Holmes et Watson sont donc de retour et en leur compagnie, on retrouve avec grand plaisir les autres protagonistes de leurs enquêtes : Mrs Hudson, la logeuse du 221B Baker Street, Mycroft Holmes, le frère ainé de Sherlock, l’inspecteur Lestrade de Scotland Yard, l’ennemi juré de Holmes : le professeur Moriarty, et Mary, la première femme de Watson. La plume d’Horowitz/Watson, l’atmosphère victorienne et les nombreux clins d’œils aux récits originels font de La Maison de Soie, un bon pastiche holmésien. Et si la mise en place de l’intrigue peut paraître légèrement longue au début, c’est pour mieux ferrer le lecteur, car ensuite, pas de temps mort. C’est bien sûr Watson qui prend la plume pour raconter cette histoire inédite, dont il confit le manuscrit à sa banque afin qu’il soit édité cent ans plus tard, car les évènements relatés pourraient « mettre à mal le tissu tout entier de notre société ».

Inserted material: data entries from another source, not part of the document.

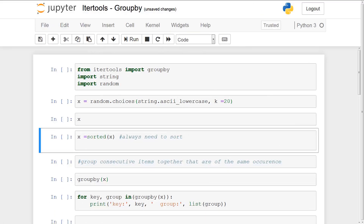In this video we're going to be discussing itertools groupby. Now if you guys are familiar with the pandas framework, you have surely heard of groupby. The pandas groupby is actually based off the Python groupby — there is an original Python groupby that pandas is based off of. I actually didn't know this and was a little blown away. So with that said, let's just dive right into it.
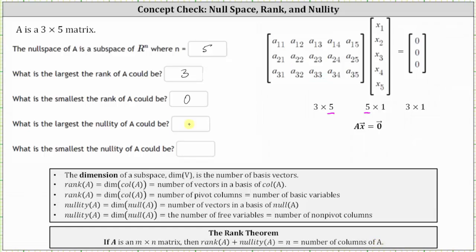What is the largest the nullity of A could be? The nullity of A is equal to the dimension of the null space of A, which equals the number of non-pivot columns. The largest number of non-pivot columns will occur when we have the least number of pivot columns, which equals the rank of A. So when the rank of A is zero, zero plus the nullity of A must equal five — the number of columns. The largest the nullity of A could be is five. This also indicates five non-pivot columns, meaning matrix A would have to be the zero matrix.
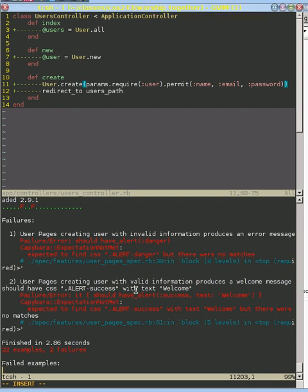Okay, let's try to tackle this second test failure right here where we're trying to have a nice welcome message after we create a user with valid information.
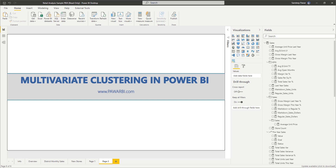Hi, this is Sandeep. In today's video, I want to show how you can use multivariate clustering in Power BI using the built-in scatterplot and the clustering algorithm that's available in Power BI.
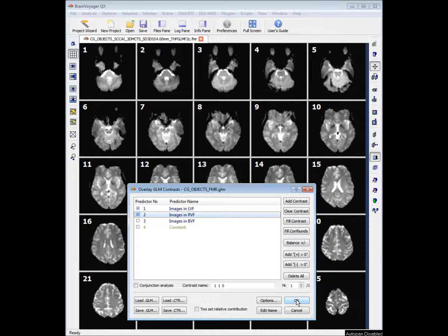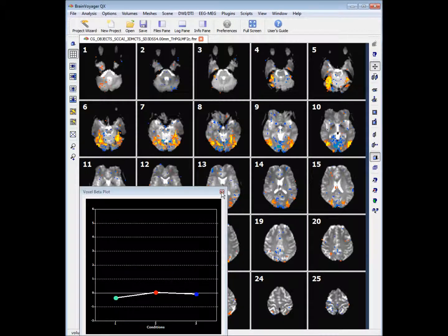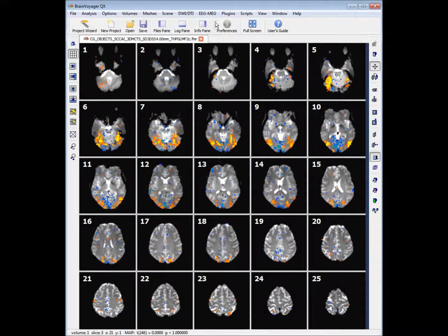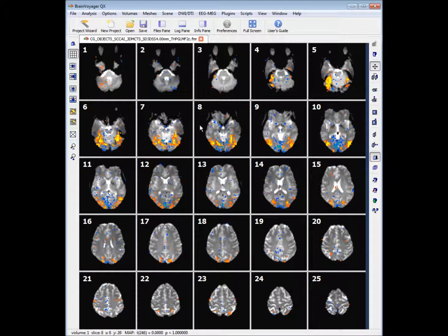We can close the voxel beta plot. We have our GLM contrast overlaid on our slices.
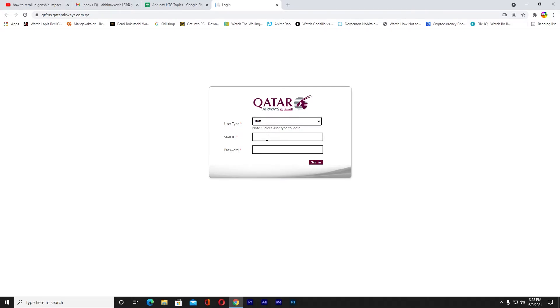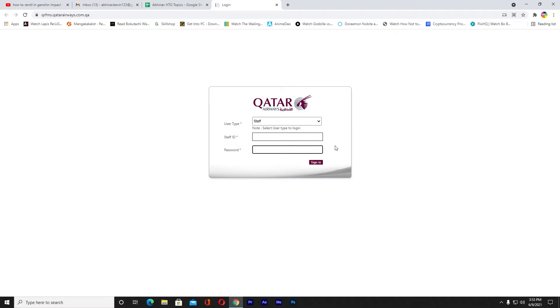After that you want to enter your staff ID and then your password. After entering your staff ID and password you want to click on sign in and you should be able to sign into your staff account if your staff ID and password is correct. But if it is wrong then you cannot, so make sure to double check if your staff ID and password is correct or not.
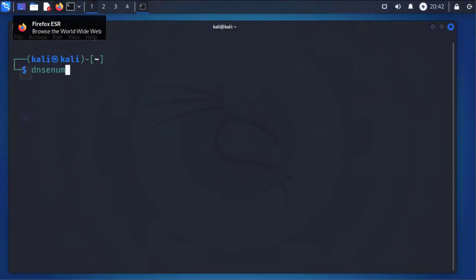Hi guys, welcome back to my channel. My name is Eno. In today's video we'll be looking at information gathering in Kali Linux. In particular, we'll be looking at DNS analysis or DNS enumeration.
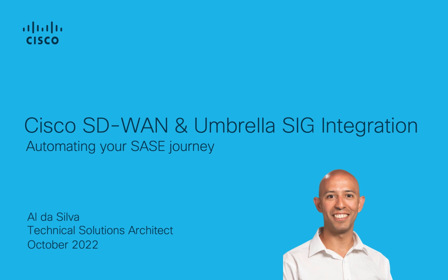Hi, my name is Alder Silva and I'm a technical solutions architect for Cisco SD-WAN. In this video, I'm going to show you how simple it is to integrate Cisco's SD-WAN solution with Cisco's secure internet gateway solution umbrella.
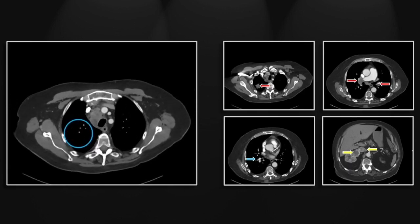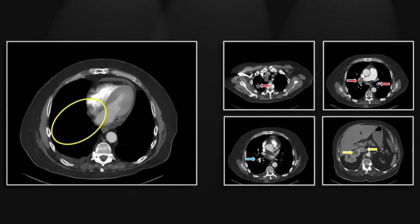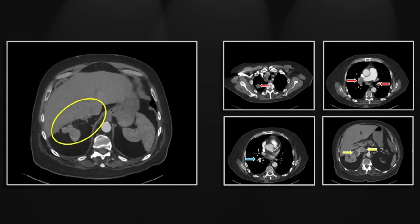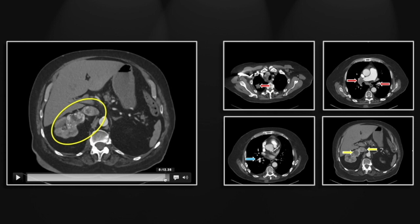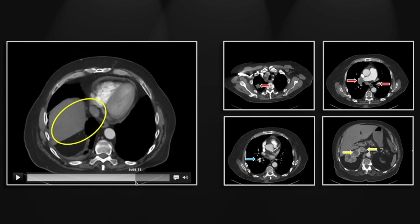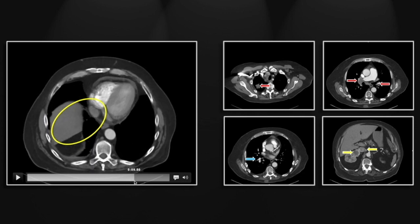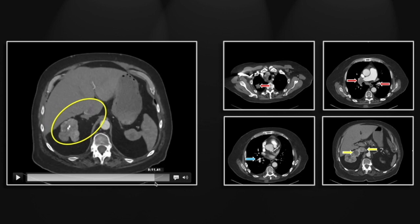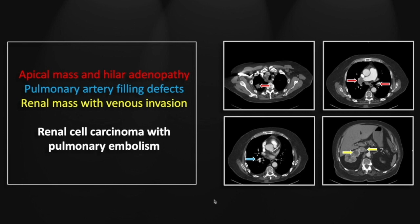There is that hypodense mass and the filling defect, and the renal cell carcinoma extending through the renal vein and well into the IVC. Its hypodense filling defect extends all the way up almost to the right atrium, certainly to the level of the diaphragm. So that is a case of renal cell carcinoma with acute presentation with pulmonary embolism.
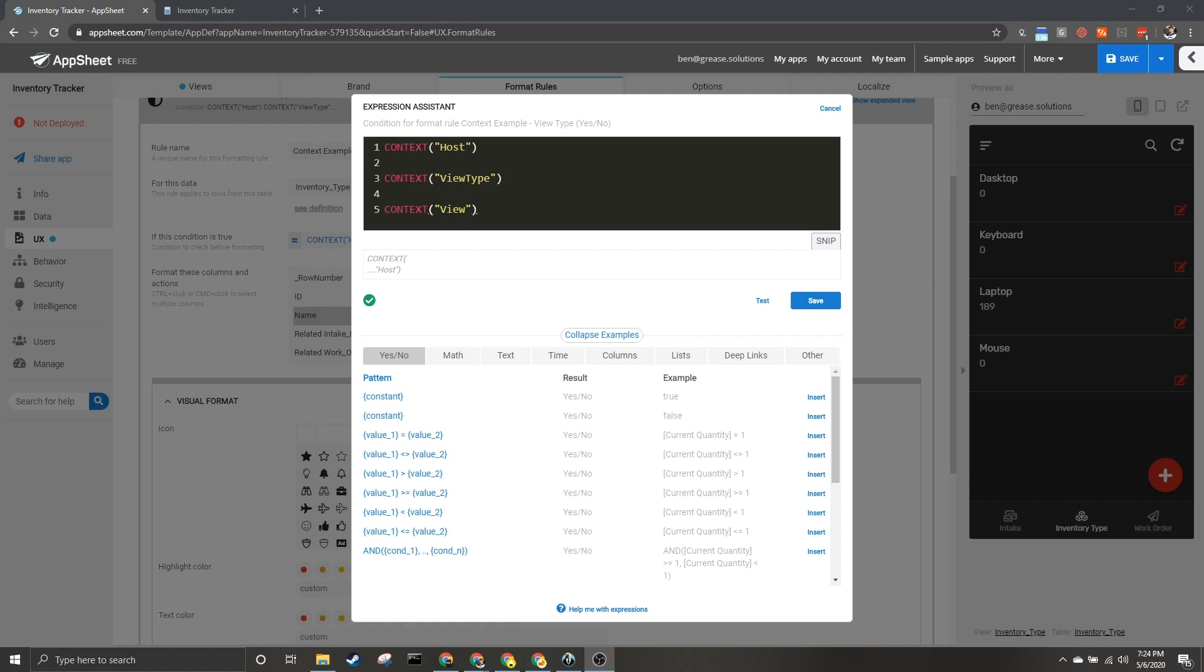How's it going everybody, my name is Benjamin Anderson and in today's video we're going to be talking about how to customize your expressions based on where they are being evaluated. For a more concrete example, I'll go through the different possibilities. This is the expression in question: CONTEXT. Context has one parameter with three options: you can either do host, view type, or view.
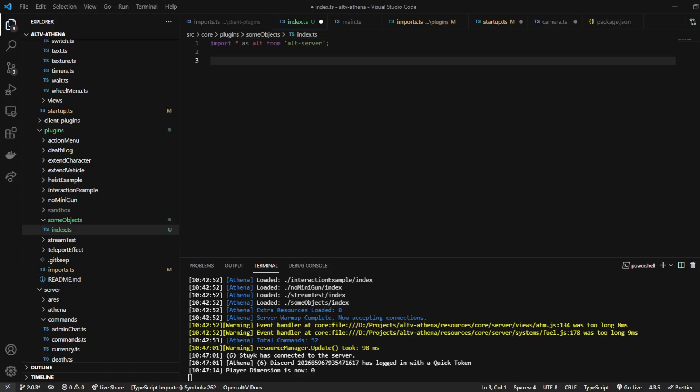Alright, so in this one, I'm going to show you how to do global objects. These are objects that all players can see.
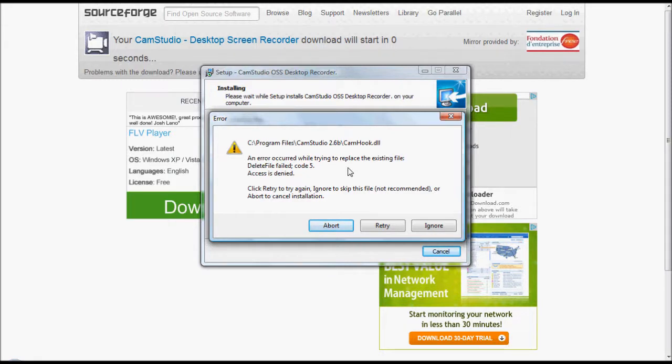So it said this because I've already got it, obviously, because I'm doing it now. So it should install, and once that's done.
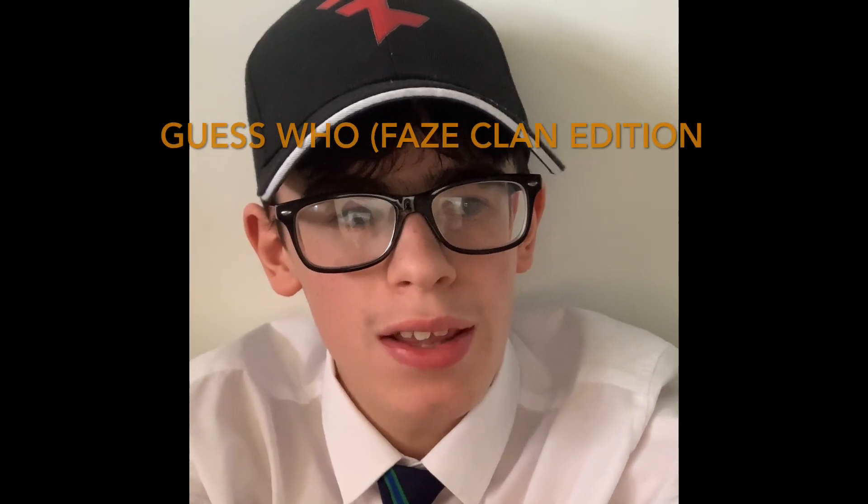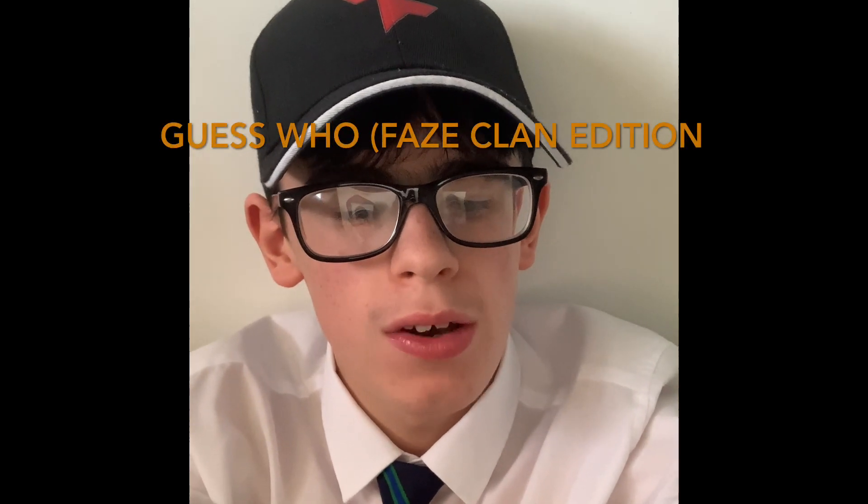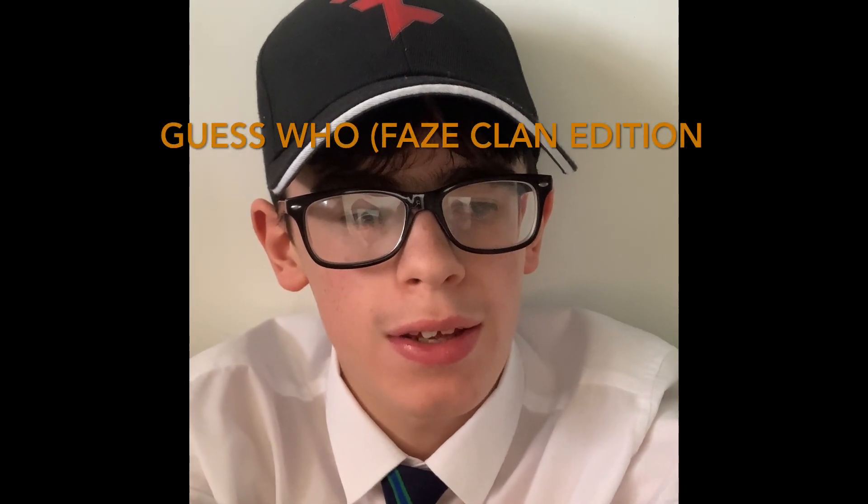Guys, I know that you've really loved my first guess the YouTuber, so I'm going to do it again, but this time I'm going to do YouTuber Destiny.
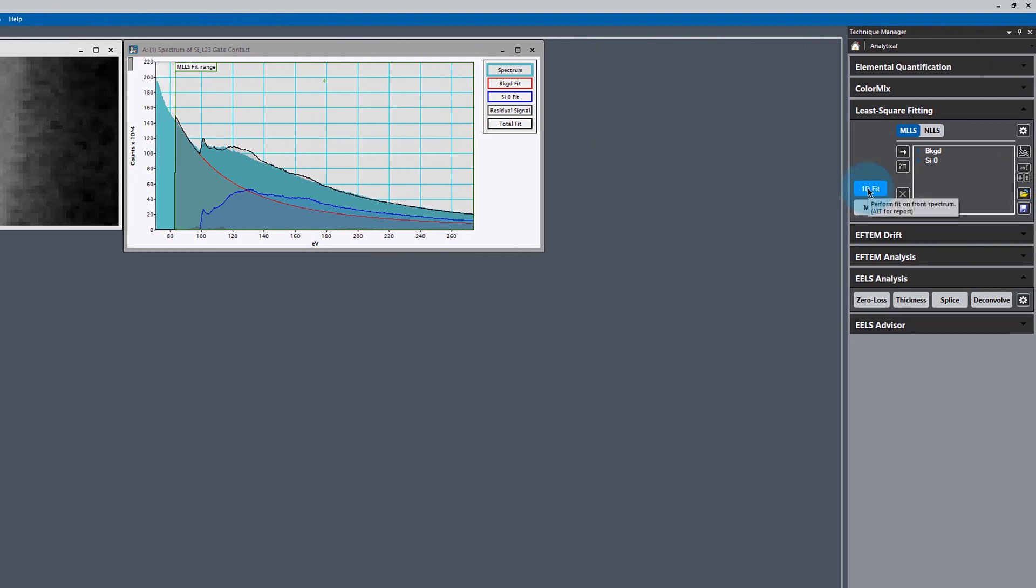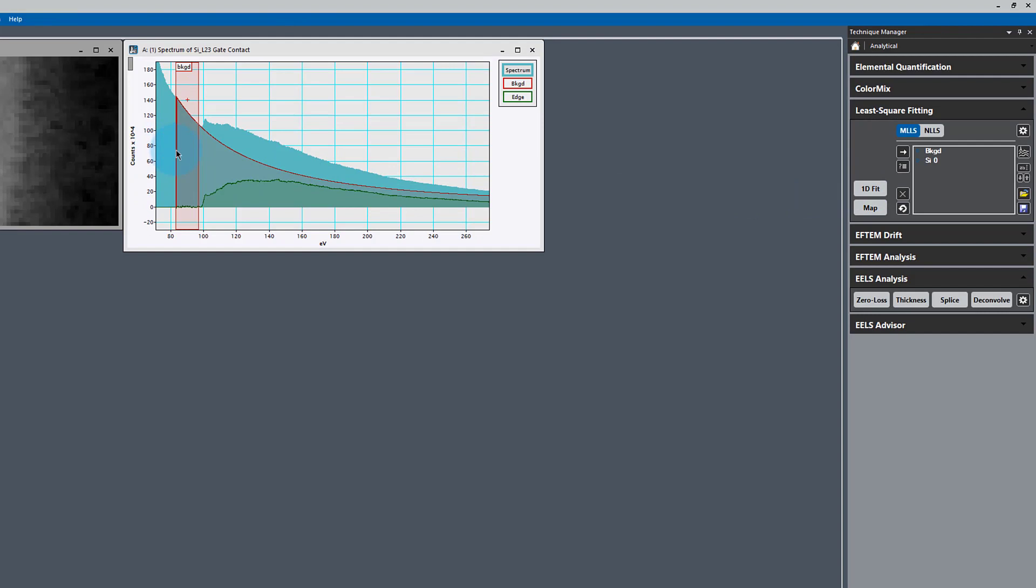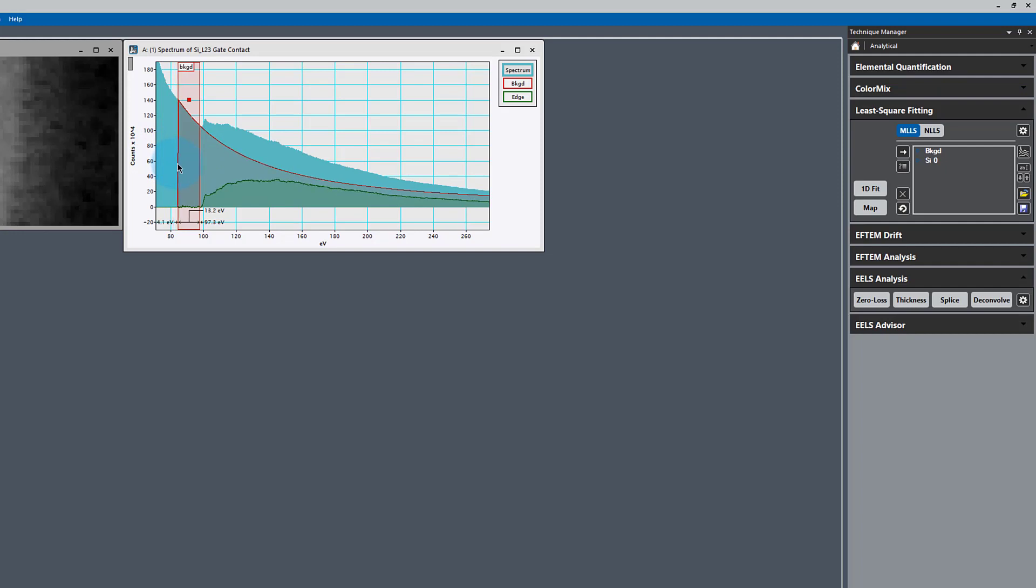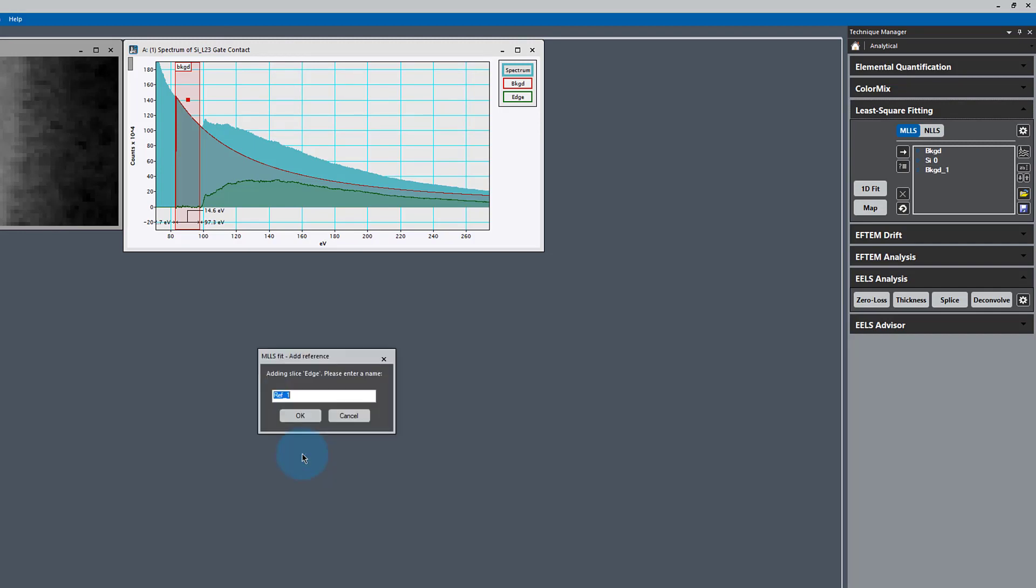I'm going to turn off the 1D fit for a moment and just look at my background. I can move that background window around if I want to. Now I'm going to add that to my fit as well. Since the backgrounds didn't match very well, I'm going to add the background and the edge as well. We're going to call this silicide.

Tout commence à Londres en 1890, lorsque profitant de l’absence de sa femme, partie retrouver son ancienne employeur, Watson séjourne temporairement chez son ami. Un marchand d’art, Mr Edmond Castairs, se présente au domicile de Holmes afin de solliciter les services du détective : l’homme craint pour sa vie, persuadé d’être poursuivi par le gang des casquettes plates à qui il a eu à faire un an auparavant, en Amérique. Castairs pense que le survivant de ce gang irlandais, Keelan O’Donaghue, en veut à sa vie et veut venger la mort de son frère décédé. Holmes décide d’enquêter et charge Wiggins et sa bande d’Irréguliers de Baker Street, tous des enfants des rues, de retrouver la trace de l’irlandais en cavale. Les Irréguliers accomplissent leur mission et lorsque Holmes, Watson et Carstairs arrivent sur place, ils ne peuvent que constater la mort de l’homme, assassiné. Est-ce bien Keelan O’Donaghue ? Holmes en doute, mais il est aussitôt rattrapé par une autre affaire, le meurtre de Ross, l’un des garçons de la bande des Irréguliers, torturé longuement puis assassiné, retrouvé avec au poignet un ruban de soie blanc, le même qu’a reçu le détective quelques jours plus tôt. Holmes s’en veut d’avoir mis en danger la vie de l’enfant et veut retrouver son assassin, coûte que coûte. Et c’est là, que la seconde enquête démarre, avec le meurtre de Ross, puis celui de sa soeur, dont va être accusé Holmes et qui va le conduire en prison. Le duo va devoir retrouver La Maison de Soie, véritable repère d’une criminalité en col blanc, absolument répugnante et révoltante, pour prouver l’innocence de Holmes et arrêter les vrais coupables, des scélérats sans foi ni loi.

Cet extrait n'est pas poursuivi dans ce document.